George IV lived from 12 August 1762 to 26 June 1830. He was king of the United Kingdom of Great Britain and Ireland, and of Hanover, from 29 January 1820 until his death. From 1811 he had served as Prince Regent when his father, George III, became unable to rule through mental illness, now thought to have been porphyria. The wider picture in Scotland at the time is set out in our Historical Timeline.
George's nine-year spell as Prince Regent, which started in 1811 and ended with George III's death in 1820, had proved him to be well up to the job of constitutional monarch. It had also, however, confirmed his reputation for profligate living and an extravagant lifestyle. It was said that each time he had intimate relations with a woman he would take a lock of her hair and place it in an envelope with her name on it. After his death, the story circulated that 7,000 such envelopes had been found in his rooms. This is literally incredible, and was probably intended to damage further the already extremely poor reputation of George after his death.
To a modern audience George as Prince Regent is perhaps best known through the very unflattering portrayal of him in the 1987 TV Series Blackadder the Third, with George, Prince of Wales played by Hugh Laurie and his butler Blackadder by Rowan Atkinson. The real Prince Regent would seem to have been every bit as profligate but perhaps not as stupid as portrayed in the series.

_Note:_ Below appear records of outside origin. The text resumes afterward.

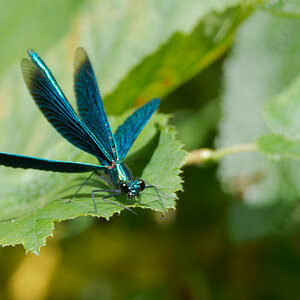 N8087567oly.jpg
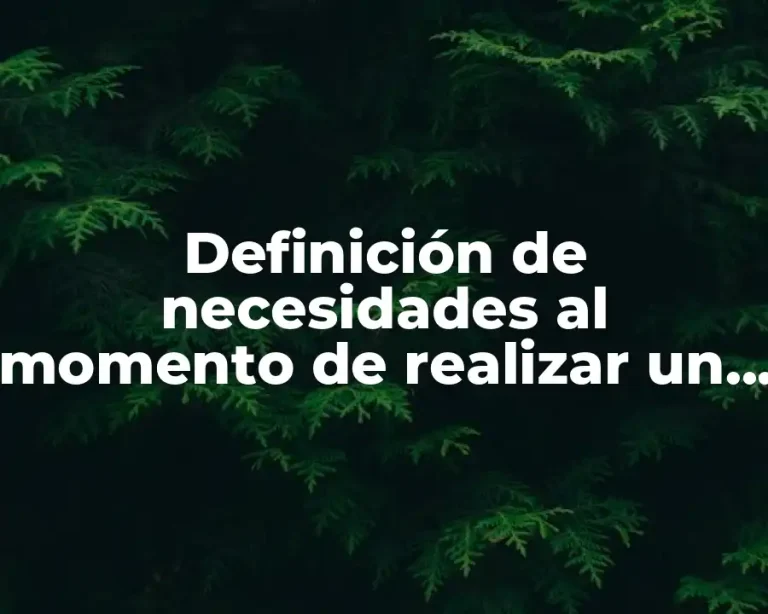 Definición de necesidades al momento de realizar un programa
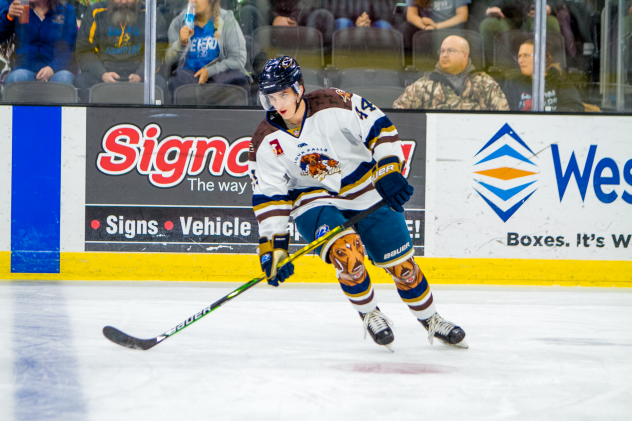 Sioux Falls Stampede in their Fighting Wiener Dogs uniforms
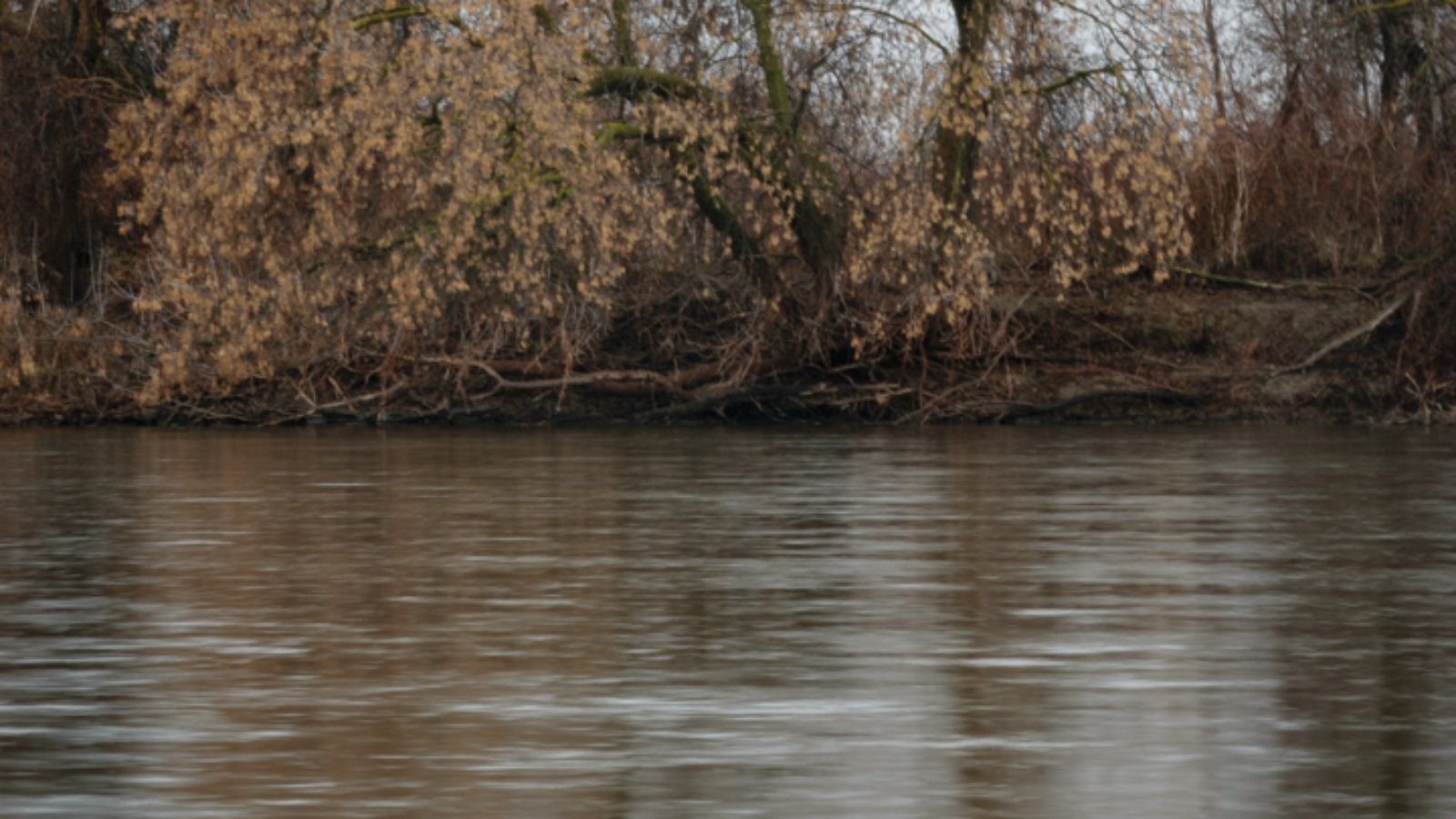Tree in the Rain by the River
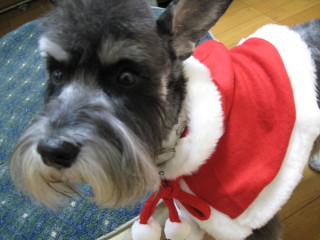 Merry Xmas ＃３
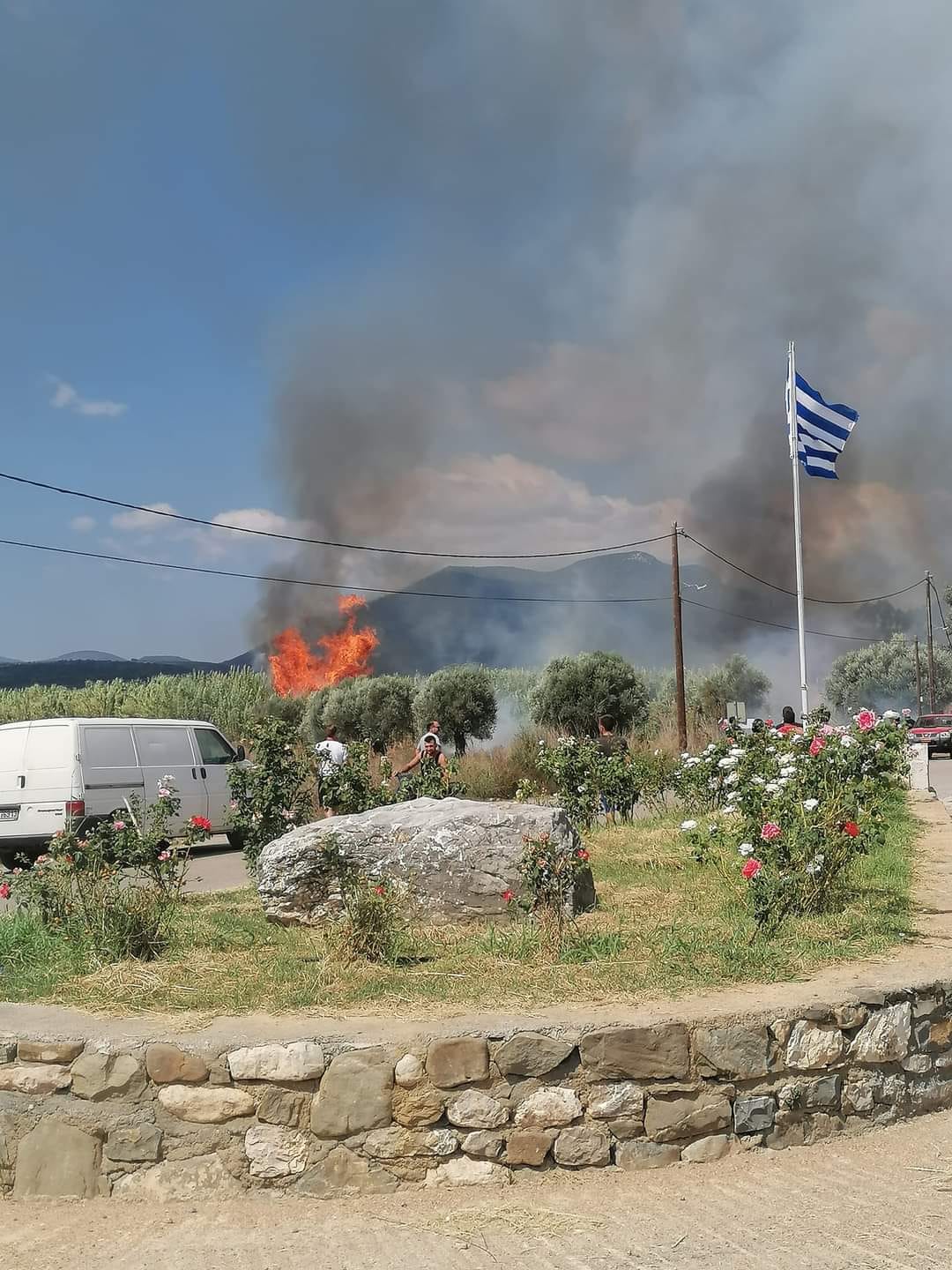 Καλαμάτα: Υπό έλεγχο η πυρκαγιά στην Εύα Μεσσηνίας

When George, Prince of Wales turned 21 in 1783, he was given a grant of £60,000 from Parliament and an annual income of £50,000 from his father, George III. Despite what, at the time, was a vast income, he rapidly began to accumulate debts. At about the same time George met and fell in love with Maria Anne Fitzherbert. Six years his senior and already twice widowed, Mrs Fitzherbert's main drawback was that she was a Roman Catholic, and marriage between them was therefore prohibited under the 1701 Act of Settlement. Despite this, the two underwent an illegal marriage ceremony on 15 December 1785, and when George's debts meant he had to give up his home, Carlton House, he moved in with Mrs Fitzherbert.
In 1787, Parliament discussed a proposal to relieve the Prince of Wales of his debts. During the debate it was alleged he was living with Mrs Fitzherbert. George's main ally and the Whig leader, Charles James Fox, responded by denying it absolutely. Mrs Fitzherbert responded by kicking George out: and Parliament responded by granting him £161,000 to pay his debts and £20,000 to renovate Carlton House. Meanwhile George III upped his annual allowance to £60,000.
By 1795, George, Prince of Wales was in severe debt again, owing the incredible sum of £660,000. His father refused to help unless George married his cousin, Caroline of Brunswick. When the Prince of Wales agreed, George III and Parliament between them helped clear the Prince of Wales' debts. But the marriage to Caroline proved a disaster and the two separated after the birth of their only child, Princess Charlotte, in 1796. It seems that George returned to the affections of Mrs Fitzherbert, and the two were to remain intermittently close for the rest of their lives. In 1820 George tried unsuccessfully to gain Parliamentary approval for a divorce from Caroline: a move that made him even more deeply unpopular across the country. And when George IV was crowned in 19 July 1821 at a lavish ceremony costing £943,000, he refused to allow Caroline to attend the coronation. He also refused to recognise her as Queen: commanding British ambassadors to ensure that monarchs in foreign courts did the same. Caroline died on 7 August 1821.
Much of George's reign was spent at Windsor Castle, though he did become involved in a number of the political issues of the time. By the mid 1820s, his lifestyle was taking a toll on his health, and he died in 1830. His daughter Princess Charlotte had already died, in childbirth, so George IV was succeeded by his eldest surviving brother, Prince William, Duke of Clarence, who became William IV.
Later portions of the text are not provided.